**What is being asked**
Set down, word for word, every line of the material below from the one containing "Heldere Blazende Gele" through the one containing "Hnewly Elegant Sequin", but none of its pictures.

**Data shown**
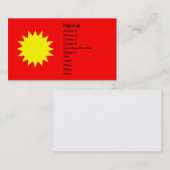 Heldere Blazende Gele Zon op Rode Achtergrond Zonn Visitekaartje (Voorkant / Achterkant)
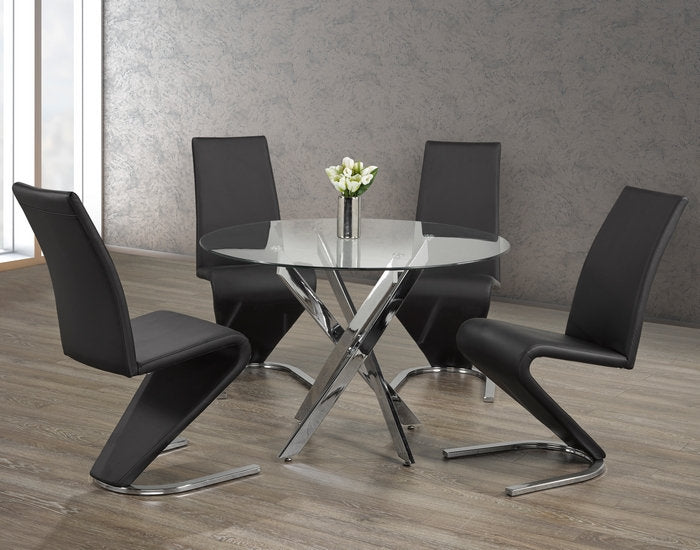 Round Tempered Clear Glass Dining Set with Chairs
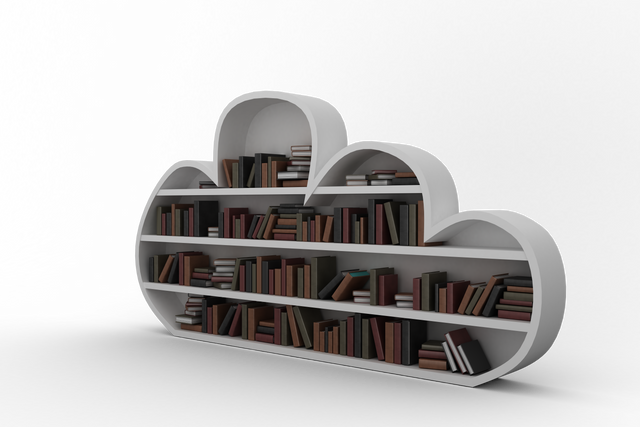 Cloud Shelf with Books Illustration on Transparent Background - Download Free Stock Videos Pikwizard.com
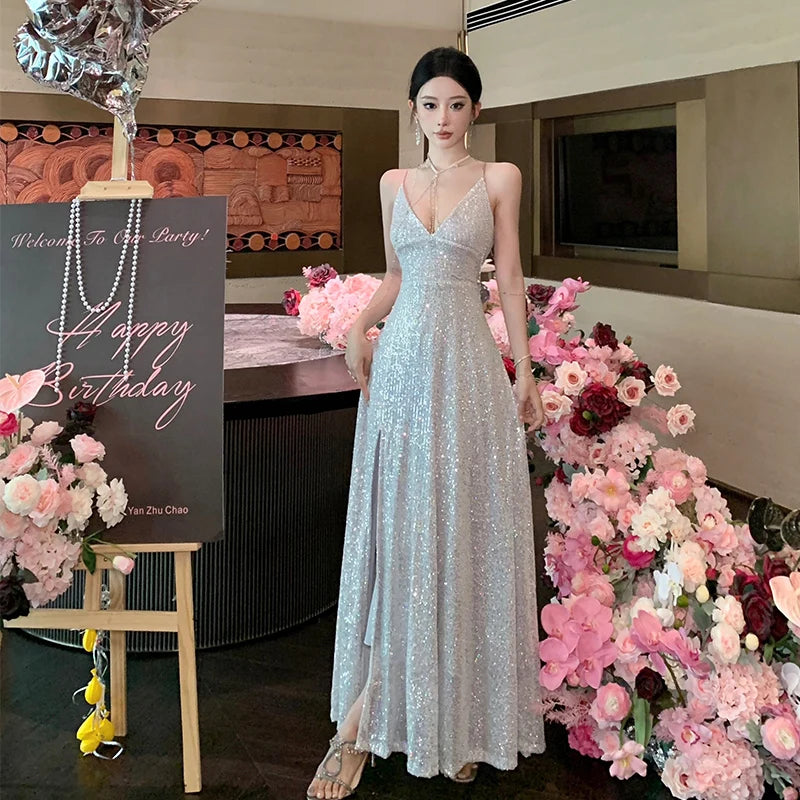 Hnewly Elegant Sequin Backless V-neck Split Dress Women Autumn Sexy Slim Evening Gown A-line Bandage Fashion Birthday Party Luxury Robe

---

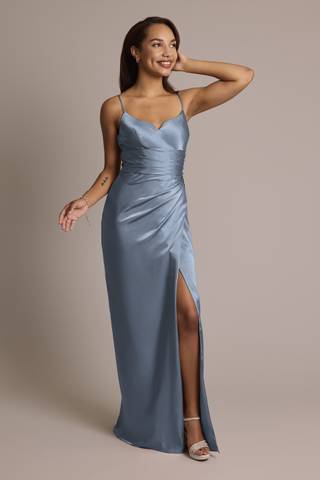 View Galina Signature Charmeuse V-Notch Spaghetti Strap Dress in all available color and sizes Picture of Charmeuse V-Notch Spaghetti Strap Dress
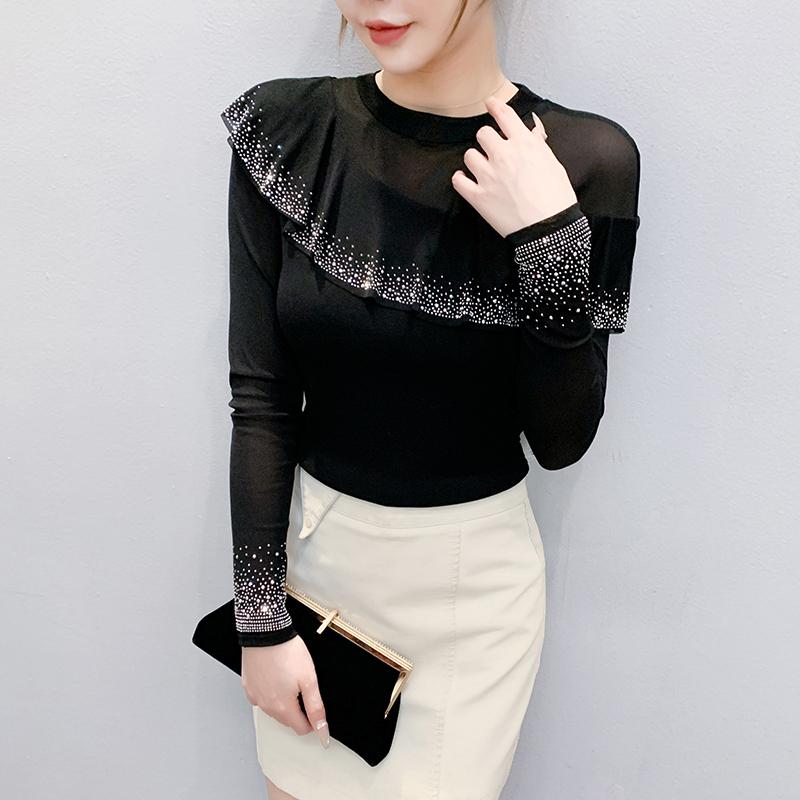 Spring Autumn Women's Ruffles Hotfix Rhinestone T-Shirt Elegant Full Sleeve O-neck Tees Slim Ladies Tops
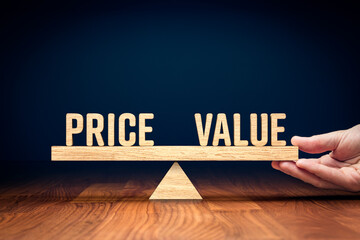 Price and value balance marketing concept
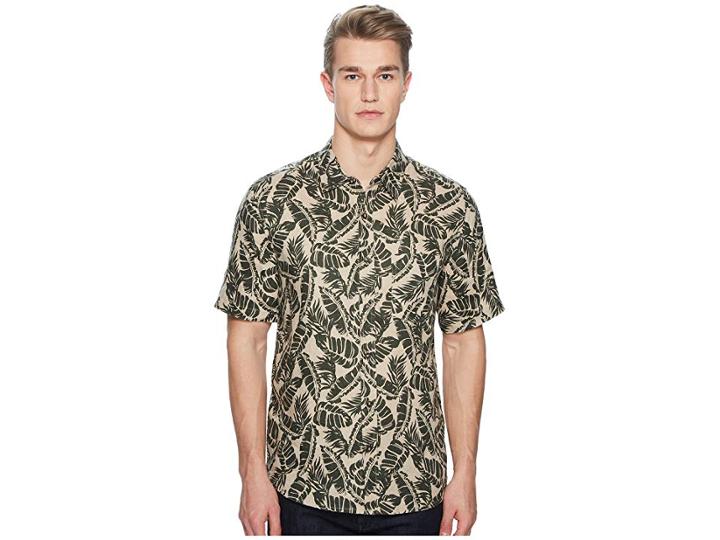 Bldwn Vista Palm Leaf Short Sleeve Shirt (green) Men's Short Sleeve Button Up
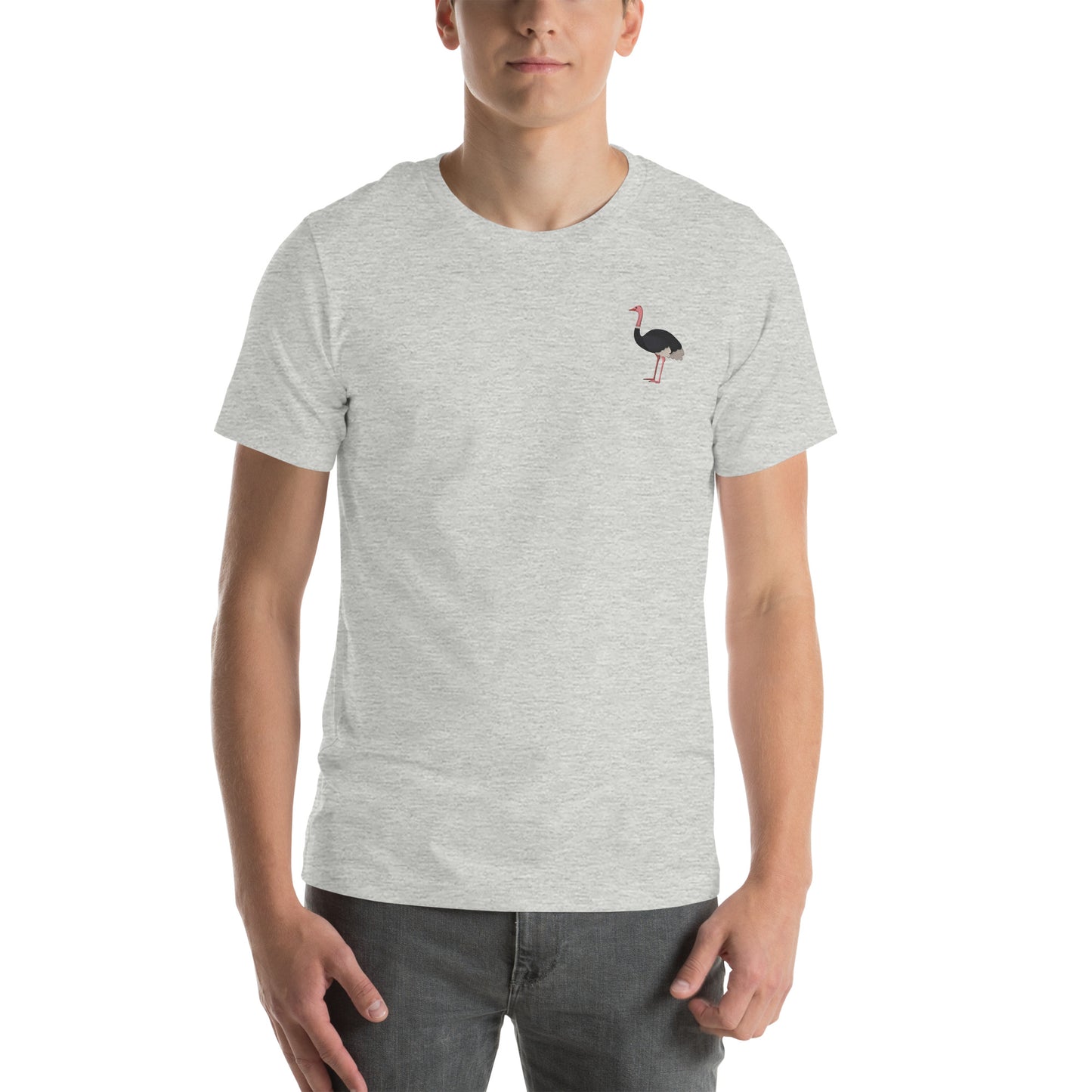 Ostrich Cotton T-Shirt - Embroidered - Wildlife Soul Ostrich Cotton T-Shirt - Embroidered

...

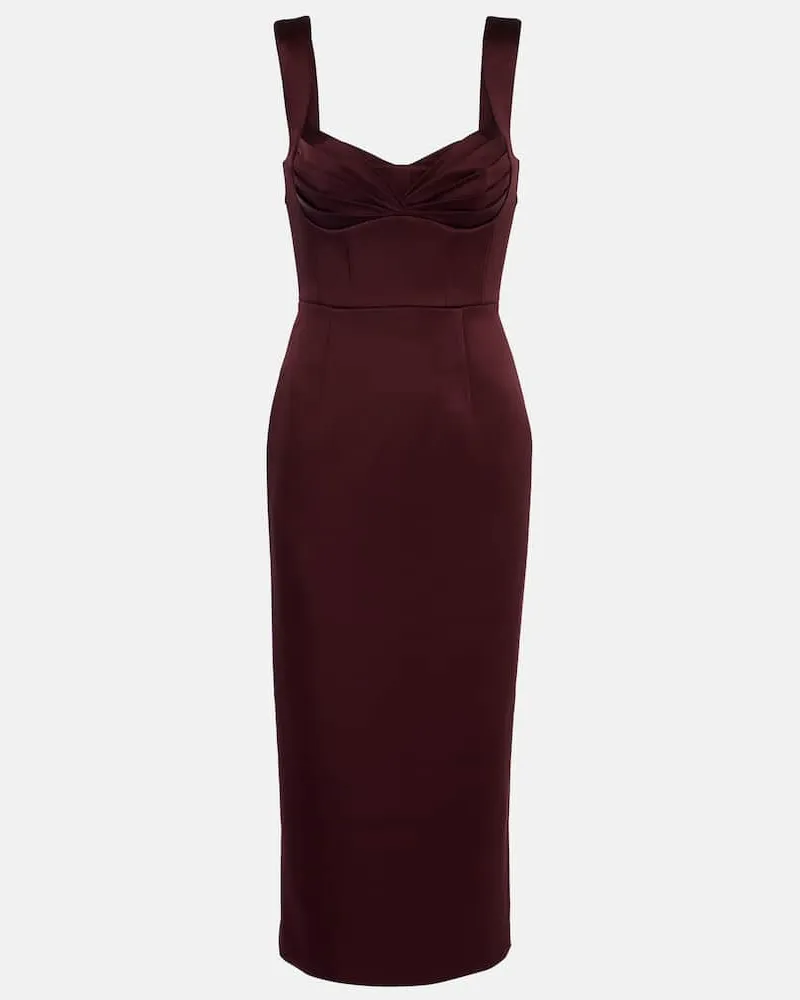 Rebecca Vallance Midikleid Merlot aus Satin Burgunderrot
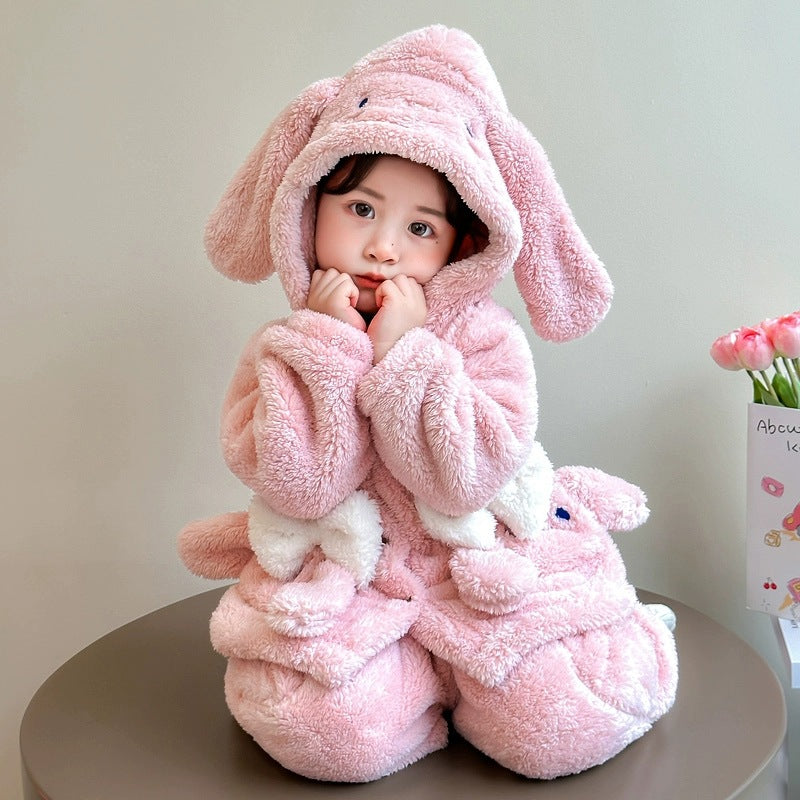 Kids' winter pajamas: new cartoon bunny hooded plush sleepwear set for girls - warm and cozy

**Response to the exercise**
 Heldere Blazende Gele Zon op Rode Achtergrond Zonn Visitekaartje (Voorkant / Achterkant)
 Round Tempered Clear Glass Dining Set with Chairs
 Cloud Shelf with Books Illustration on Transparent Background - Download Free Stock Videos Pikwizard.com
 Hnewly Elegant Sequin Backless V-neck Split Dress Women Autumn Sexy Slim Evening Gown A-line Bandage Fashion Birthday Party Luxury Robe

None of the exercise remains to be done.